Recently, geocomposite material combinations have extended beyond just synthetic materials. Some manufactures now create products by combining geotextiles with nonsynthetic materials, such as bentonite clay, to address specific applications with minimum cost.


Geocomposite styles

While there are new material combinations being offered every year, in very general terms there are three geocomposite styles. 

1.      Contractors often place a geocomposites that combines a geogrid with a nonwoven geotextile to solve bearing problems on soft soils. The geogrid assumes the reinforcement role while the nonwoven geotextile assumes separation and filtering roles. This combination helps to firm up the structure by allowing water to pass through while keeping coarser particles from passing into the soft soil.

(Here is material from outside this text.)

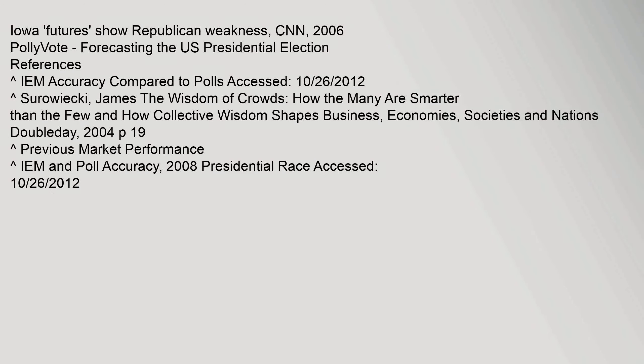References include: IEM Accuracy Compared to Polls (Accessed October 26, 2012); Surowiecki, James — 'The Wisdom of Crowds: How the Many Are Smarter Than the Few And How Collective Wisdom Shapes Business, Economies, Societies and Nations' (Doubleday, 2004, p. 19); and IEM and Poll Accuracy — 2008 Presidential Race (Accessed October 26, 2012).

Typical applications include base and subbase stabilization and reinforcement for temporary and permanent roads, railways, storage yards, container terminals, temporary working platforms, airport runways, sludge lagoons and tailings ponds.
2.      Geocomposites that combine a geotextile with a geonet are often used for drainage. The geotextiles encase the geonet core and serve to keep larger debris from entering the geonet. Liquid flows through the geotextiles into the geonet and away to a collection point. This geocomposite style is often used on landfills to intercept and convey leachate to collection sites.
3.      Geocomposites made with a geogrid and a geomembrane are commonly used on landfills and other structure to direct drainage.

Geocomposites and Asphalt Paving

While reflective cracks are observed at the road’s surface, they are generally not caused by traffic. Over time, asphalt roads can be exposed to subsidence or bending, and the cracks eventually make their way to the surface. Once the cracks are exposed they allow water into the pavement. Moisture in the subgrade weakens the pavement structure and causes spalling (separation and loss of material) at the crack, bums, and wear. Left untreated, the road will eventually deteriorate.

To avoid the formation of reflective cracks, contractors place geocomposites, such as grid-reinforced bituminous membranes, during paving in between coating layers. These products provide both reinforcement and crack prevention.

There are Two Types of Asphaltic Geocomposites

Drainage Map Geocomposite
1.      One type of asphaltic geocomposite is a combination ​​of a geogrid and a geotextile specially manufactured for paving conditions. The two components are thermally bonded and form a robust material. The geogrid often has rigid nodes that increase the pavement’s endurance.  This material is used to reinforce the coating layers with a minimum thickness of 70 mm.

2.      The second type of asphaltic geocomposite is made of a network of glass filaments mounted on a non-woven geotextile. They are used to reinforce the coating layers with a minimum thickness of 40 mm. These are suitable for absorbing the long lasting loads such as those caused by the freeze-thaw cycle and stresses induced by temperature.